» Directions:
Quote the entries below from the line with "Pagoda 9 ring" through the line with "Polynesian Vintage Floral", both ends included, and only those lines.
*** Material shown
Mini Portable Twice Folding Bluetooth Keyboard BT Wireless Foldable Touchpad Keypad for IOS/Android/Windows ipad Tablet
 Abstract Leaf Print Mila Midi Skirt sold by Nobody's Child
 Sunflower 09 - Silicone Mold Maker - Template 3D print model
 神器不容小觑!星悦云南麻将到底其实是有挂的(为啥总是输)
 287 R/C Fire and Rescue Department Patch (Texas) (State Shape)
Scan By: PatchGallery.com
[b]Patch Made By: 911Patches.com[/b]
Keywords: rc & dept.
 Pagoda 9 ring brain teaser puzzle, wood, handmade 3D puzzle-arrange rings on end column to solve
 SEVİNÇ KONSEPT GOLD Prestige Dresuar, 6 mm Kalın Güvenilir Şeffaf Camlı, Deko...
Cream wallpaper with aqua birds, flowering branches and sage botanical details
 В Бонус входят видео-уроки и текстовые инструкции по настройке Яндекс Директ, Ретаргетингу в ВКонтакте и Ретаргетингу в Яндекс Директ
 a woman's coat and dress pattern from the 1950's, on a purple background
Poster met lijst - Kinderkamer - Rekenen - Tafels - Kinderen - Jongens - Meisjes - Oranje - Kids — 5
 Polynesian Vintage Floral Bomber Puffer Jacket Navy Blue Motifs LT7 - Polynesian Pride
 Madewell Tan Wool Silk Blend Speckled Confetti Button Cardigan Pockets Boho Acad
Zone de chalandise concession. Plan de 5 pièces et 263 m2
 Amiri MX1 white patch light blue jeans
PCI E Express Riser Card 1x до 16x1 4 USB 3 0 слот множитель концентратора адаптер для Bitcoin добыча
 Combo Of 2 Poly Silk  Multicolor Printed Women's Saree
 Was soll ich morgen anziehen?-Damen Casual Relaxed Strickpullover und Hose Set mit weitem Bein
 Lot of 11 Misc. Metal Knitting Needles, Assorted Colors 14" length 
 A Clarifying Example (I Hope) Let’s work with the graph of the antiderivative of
******
» Output below:
 Pagoda 9 ring brain teaser puzzle, wood, handmade 3D puzzle-arrange rings on end column to solve
 SEVİNÇ KONSEPT GOLD Prestige Dresuar, 6 mm Kalın Güvenilir Şeffaf Camlı, Deko...
Cream wallpaper with aqua birds, flowering branches and sage botanical details
 В Бонус входят видео-уроки и текстовые инструкции по настройке Яндекс Директ, Ретаргетингу в ВКонтакте и Ретаргетингу в Яндекс Директ
 a woman's coat and dress pattern from the 1950's, on a purple background
Poster met lijst - Kinderkamer - Rekenen - Tafels - Kinderen - Jongens - Meisjes - Oranje - Kids — 5
 Polynesian Vintage Floral Bomber Puffer Jacket Navy Blue Motifs LT7 - Polynesian Pride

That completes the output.